Nala Nala - 7 days ago 5
R Question

Optimizing too long loop in R

I'm quite new to R and really really need your help with my double for-loop which takes too much time to complete.

data
a data table with 659322 rows and 3 columns (ID, Game, Amount)

Each ID is repeated several times (i.e. several Game for each ID), but unevenly distributed across the rows. We may have 2 Games for ID1 (so ID1 appears in 2 rows), 5 Games for ID2, 4 Games for ID3, etc.

I want to create a matrix
datmat
from
data
with:

- Nb of rows = nb of unique values of ID (nb_row=46028)

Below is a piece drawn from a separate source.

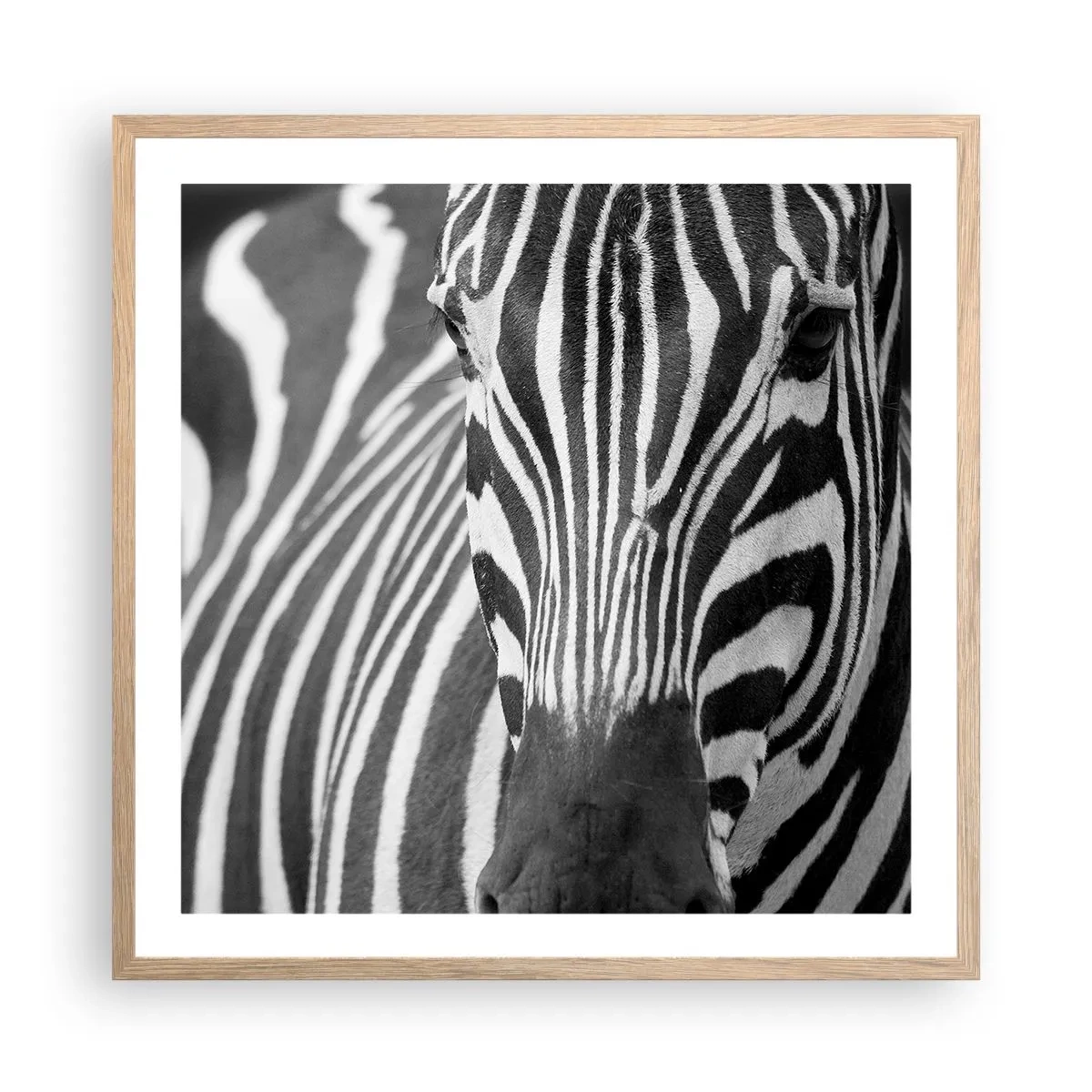 Plakat w ramie jasny dąb - Świat jest czarno-biały - 60x60 cm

- Nb of columns = nb of unique values of Game (nb_col=30)

and fill in
datmat
with the corresponding Amount values

Here's what I tried

ID <- unique(data$ID)
Game <- unique(data$Game)
nb_row <- length(ID)
nb_col <- length(Game)

datmat <- matrix(c(0),nb_row,nb_col,dimnames=list(NULL,Game))
for(i in 1:nb_row){
for(j in 1:nb_col){
datmat[i,j] <- data$Amount[data$ID==ID[i] & data$Game==Game[j]]
}
}
dt <- data.table(ID,datmat)


Any suggestion could be greatly appreciated. Thank you all!

Answer

You might want to use the reshape function :

newdata<-reshape(data,timevar="Game",idvar="ID",direction="wide")